Sabina Tayub lives in Leicester and works as an assistant quantity surveyor with Balfour Beatty, the leading international infrastructure group. Prior to this role, she was a graduate civil engineer with the same company. I caught up with Sabina, a face of the firm, to find out more about her successes so far.
Sabina’s one claim to fame is being named a rising star in the Guardian UK 300, a comprehensive survey of top graduate employers in the UK as well as that of top emerging talent. In 2018, she was a finalist in the ‘best young women in construction’ category at the European Women in Construction & Engineering Awards.
Originally from Malawi, which has an under-developed transport system, “I’ve always been interested in how highways and infrastructure can boost an economy,” said Sabina. “I thought that if I had a career in civil engineering I might be able to give something back to Malawi. At university I made up my mind to do as much as I could; my parents had done a lot to get me there. I held down five jobs and voluntary posts and went to China for three weeks on a study programme.”
Sabina’s current role entails mainly keeping up with subcontractors’ accounts such as valuing completed work and arranging for payments as well as conducting feasibility studies to estimate materials, time and labour costs, preparing, negotiating and analysing costs for tenders and contracts and advising on a range of legal and contractual issues.
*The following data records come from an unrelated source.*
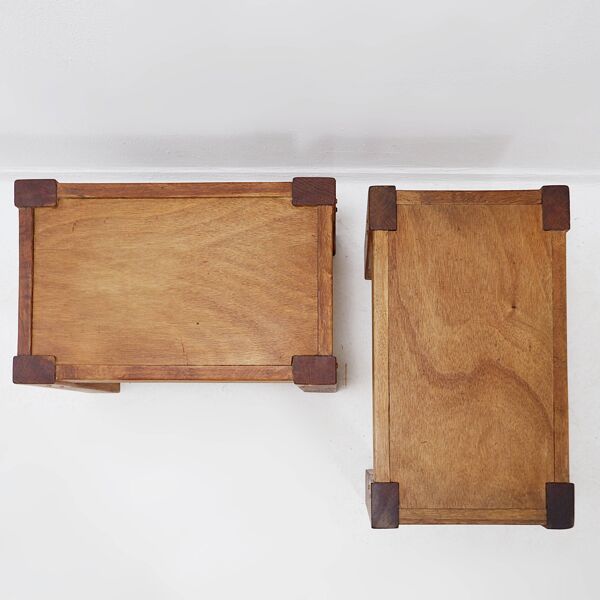 Paire de tables d'appoint rustiques / tables de chevet - années 1960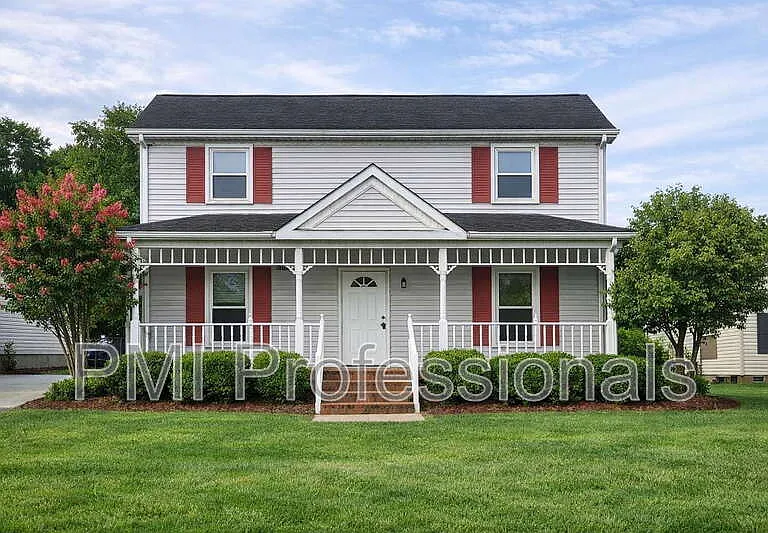3012 Towne Valley Rd — Photo 1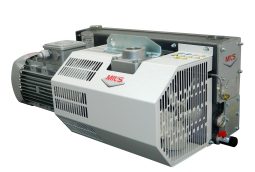 Vacuum pump E100. Click for larger picture.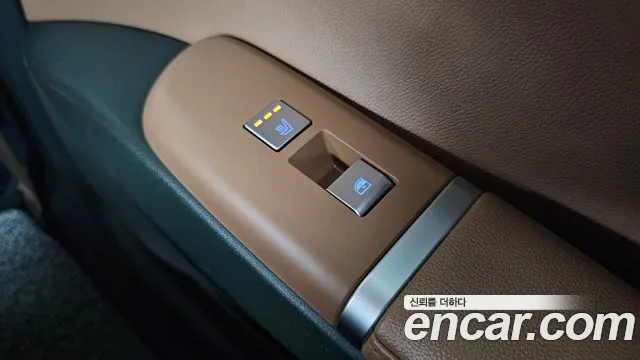 Hyundai Grandeur GN7 — Фото автомобиля 25
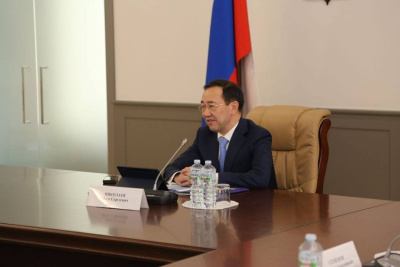 Глава Якутии провел заседание наблюдательного совета НОЦ «Север» / ЯСИА   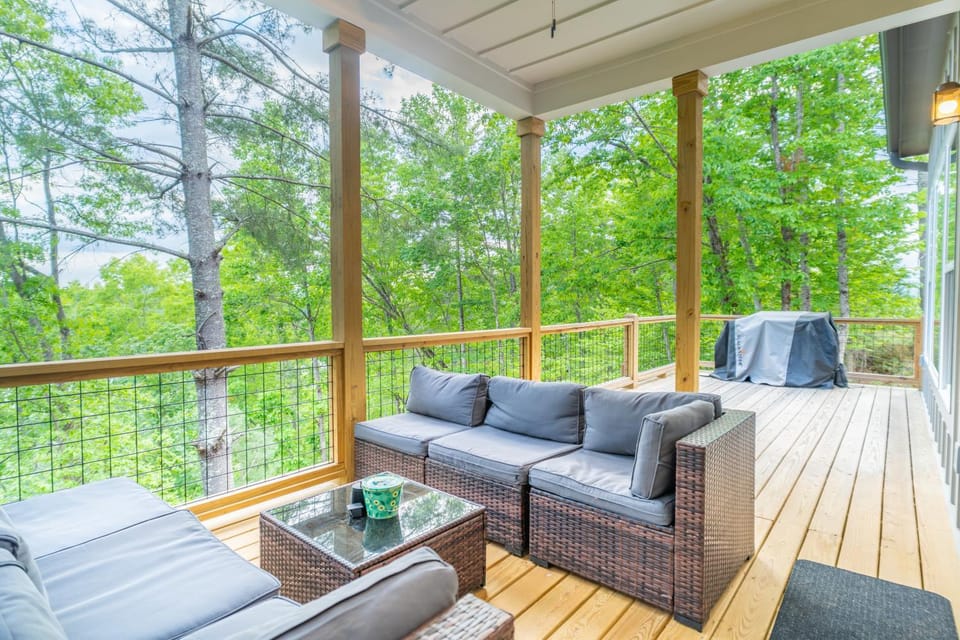 The Overlook at Lake James House in Tennessee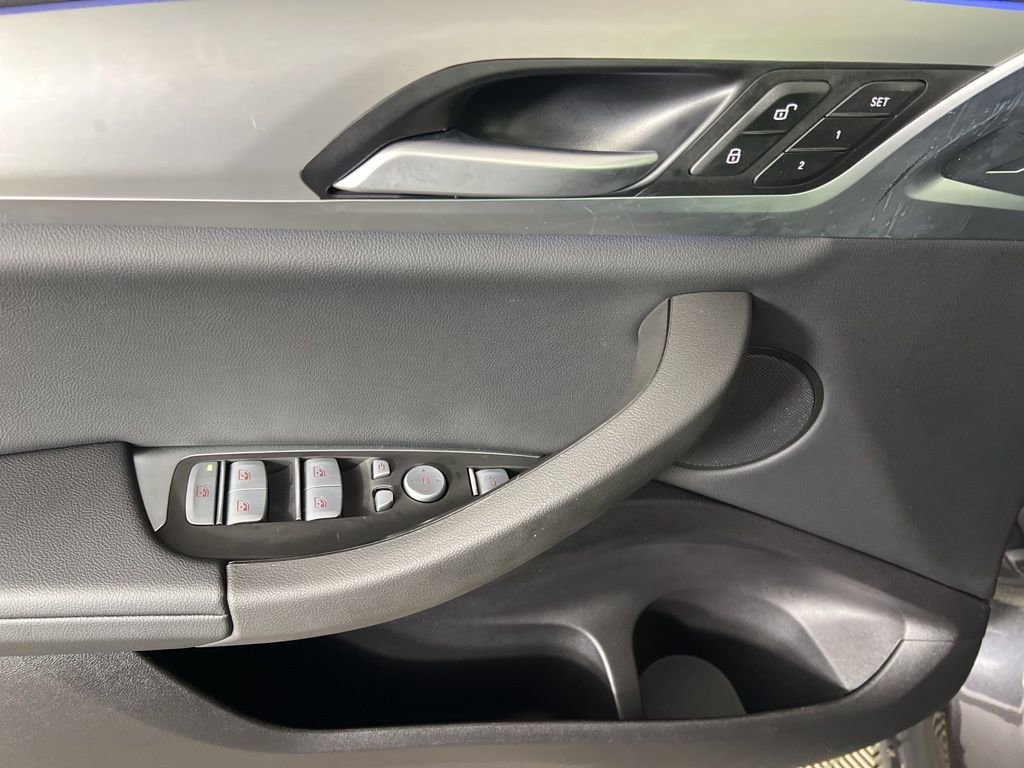 Used 2025 BMW X4 xDrive30i w/ Premium Package image 17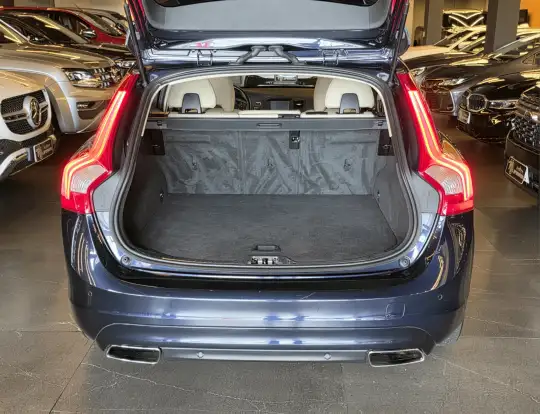 VOLVO-V60-2017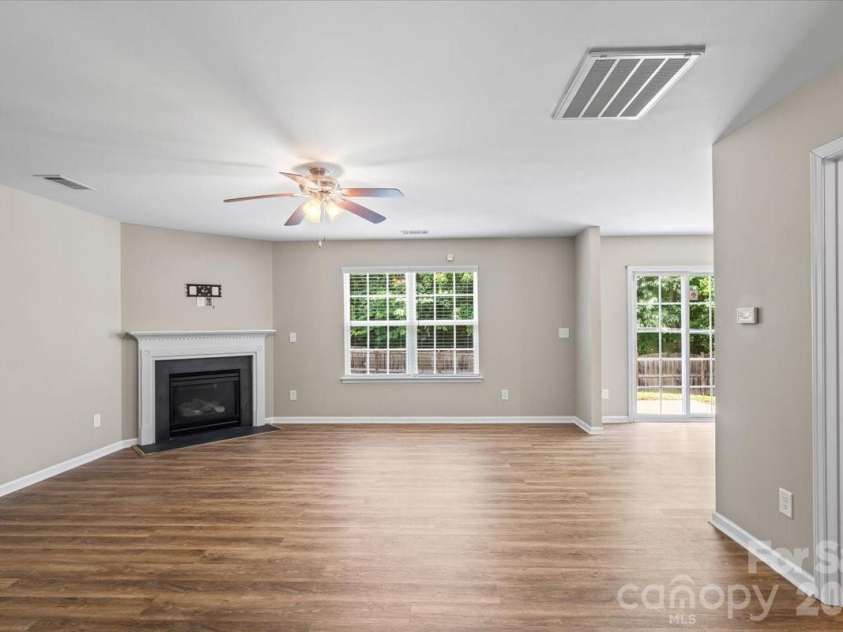 5229 Hawkins Meadow Court, Charlotte, NC 28213.  MLS# CAR4388106, YatesRealty ID 27417. 
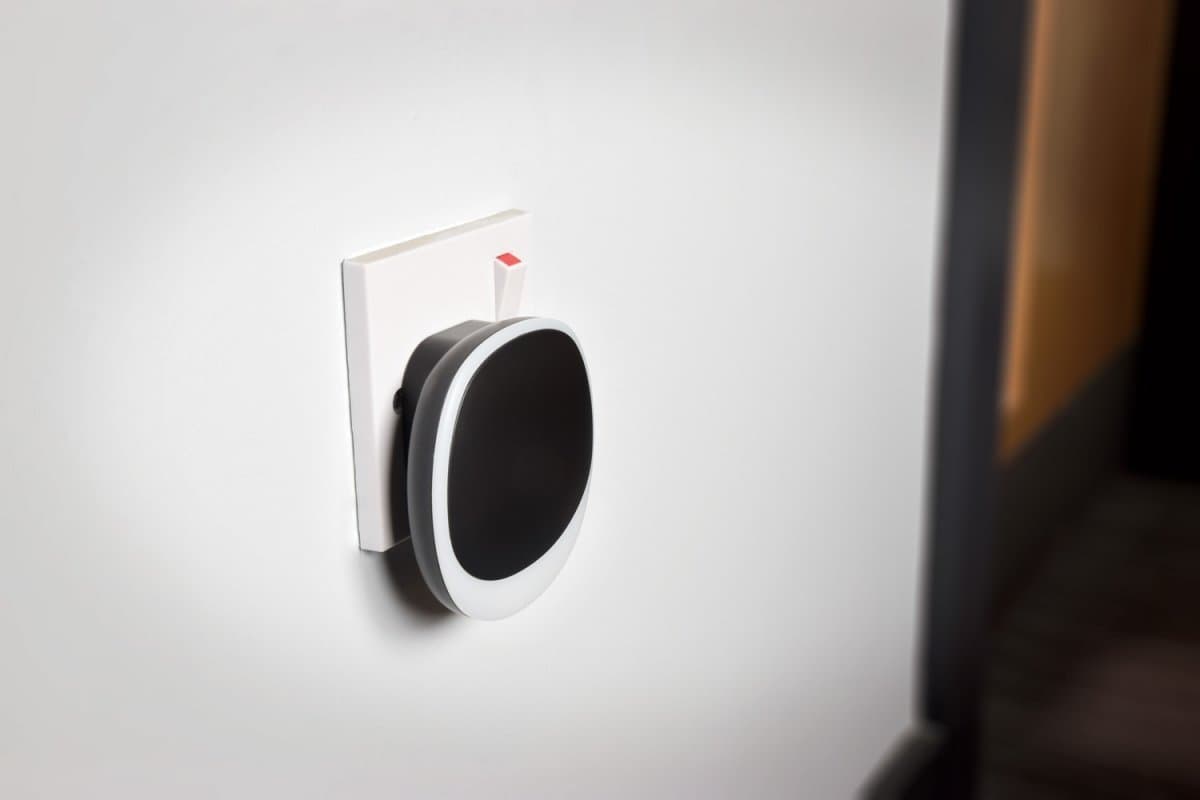 AVSL Mercury Trådlös plug-in-dörrklocka med LED-larm svart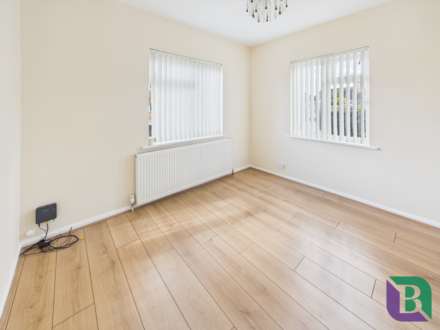Rhondda Close, Milton Keynes, Image 7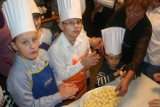 Koła gospodyń wiejskich w powiecie pszczyńskim uczą najmłodszych, jak ugotować śląski obiad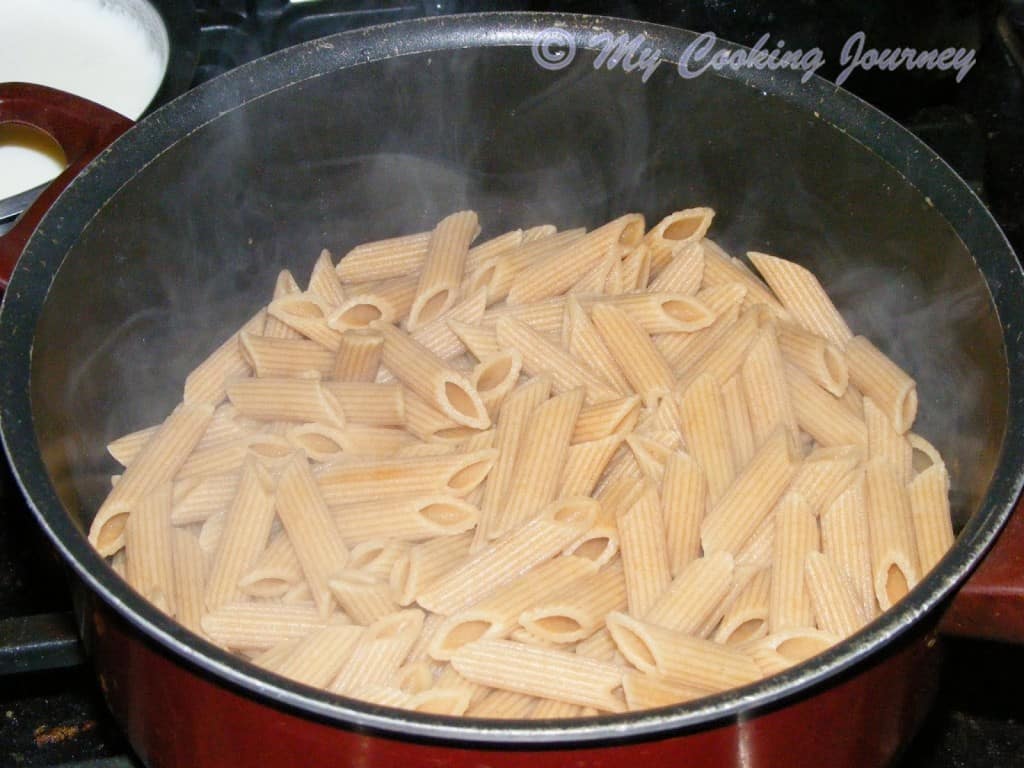 Boiled pasta in a pan
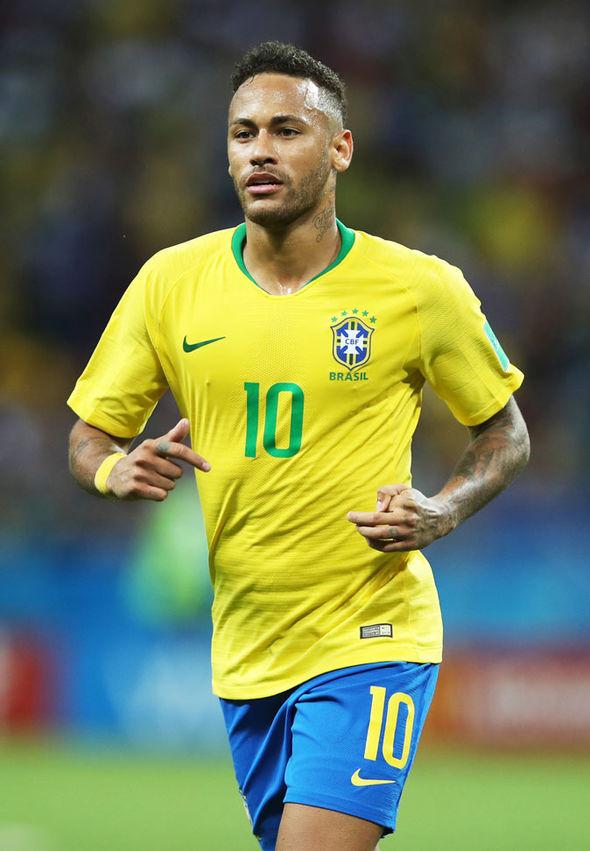 埃斯特旺：安帅在很多方面都帮了我，比赛后还给了我一个拥抱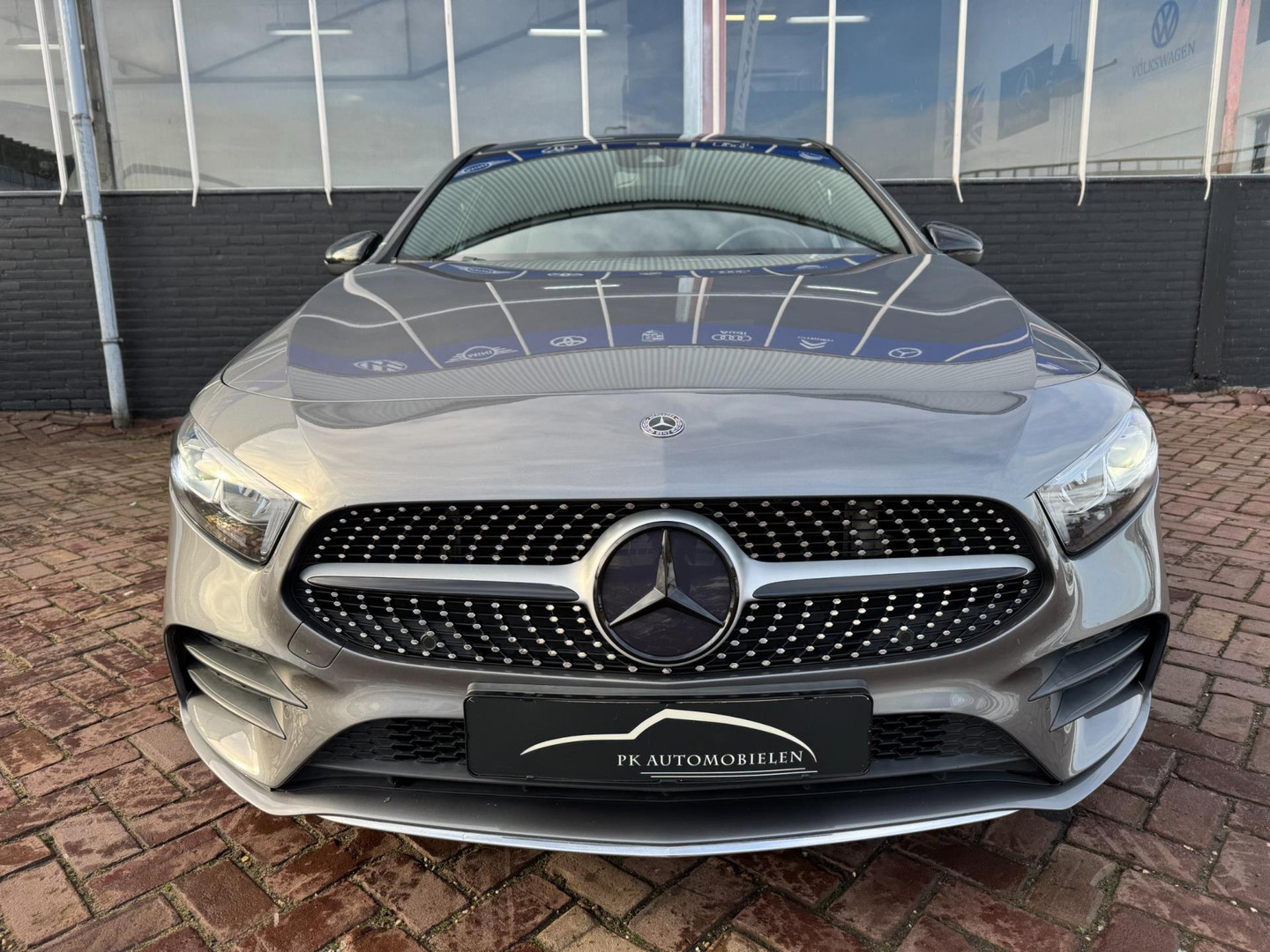 Mercedes-Benz Mercedes-Benz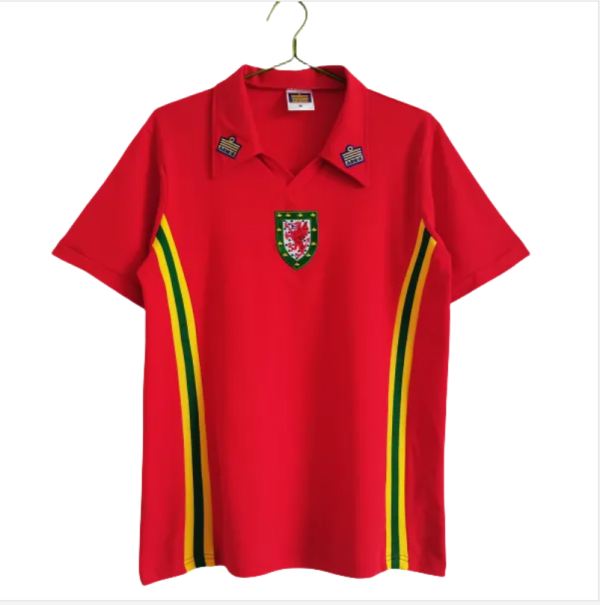 Retro  Wales Home Jersey Mens 1976/79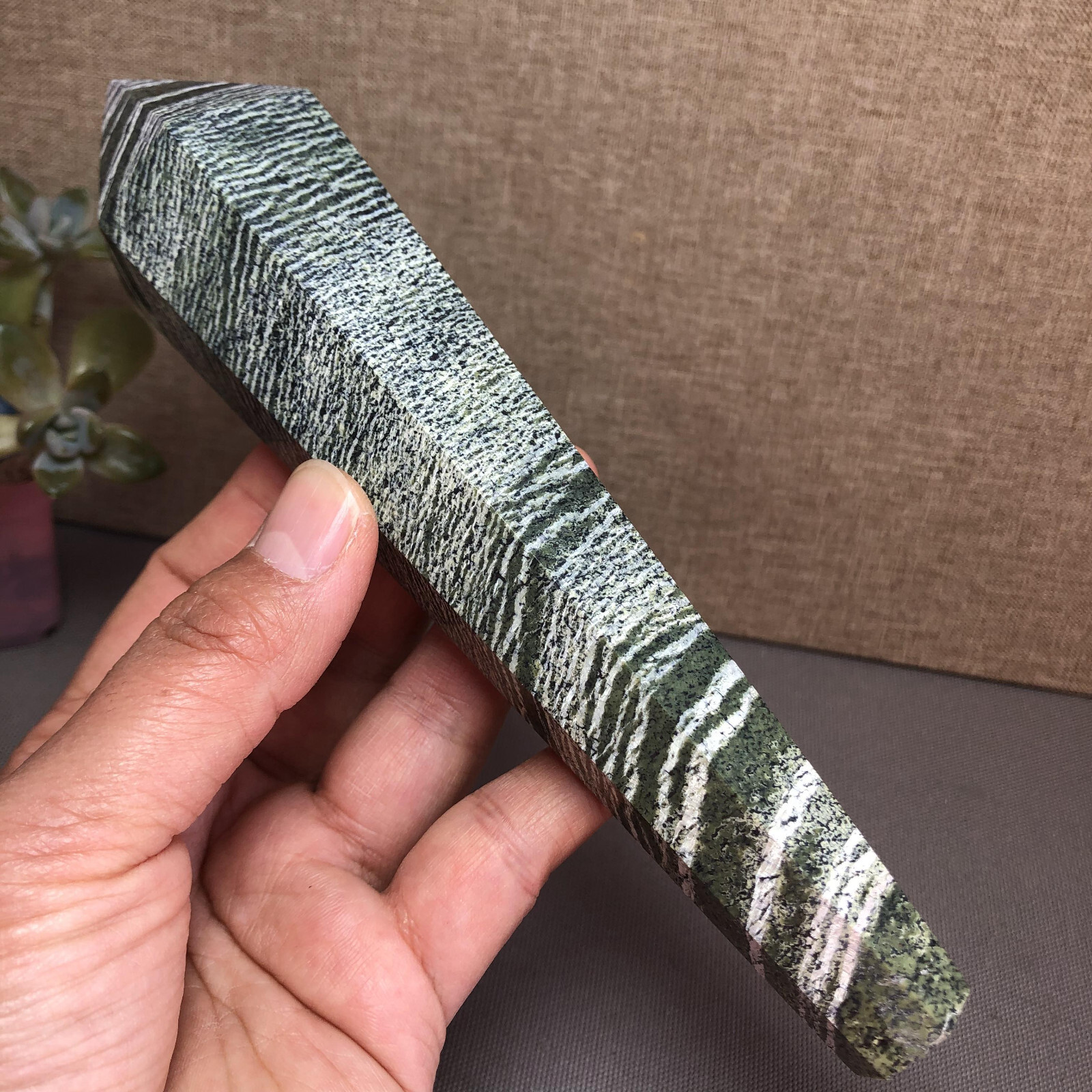 177mm Long Natural zebra wand Obelisk Crystal Quartz specimens 292g A5147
Sabina, 26, hails from a Muslim ethnic group, Memons, originating from the Indian subcontinent. Traditionally, the Memons have been a mercantile community. But, as the years have passed, they have increasingly diversified into various other professions and are also known for their involvement in philanthropy.
Sabina’s father, Mohammed Tayub, was owner of a construction company and her mother, Nasim Tayub ran a builder merchant store in Malawi. Both are now retired. She has three brothers, Karim, Aziz and Furkan and two sisters, Maryam and Shaziya. Her mother-tongue is Kutchi and she speaks a bit of Gujarati, language of her ancestors.
Asked about her best ever experience, “Visiting 17 different countries in the last three years whilst holding down a full-time job,” she said. “And I intend to travel more and see more countries. It’s my new favourite hobby. I learnt so much from these experiences and got insight into different cultures which I have always been interested in.”
I put to Sabina if she’d consider entering British Politics, “Actually I would,” she smiled. “I’d be good in politics as I love communicating, meeting new people and putting across my opinions. I’ve always tried to improve my surroundings and environment be that at school, university or now, at work.”
She aspires to work on a project in Malawi. Balfour Beatty has, she said, worked in Rwanda, “so maybe the company will be able to help me achieve this ambition too.”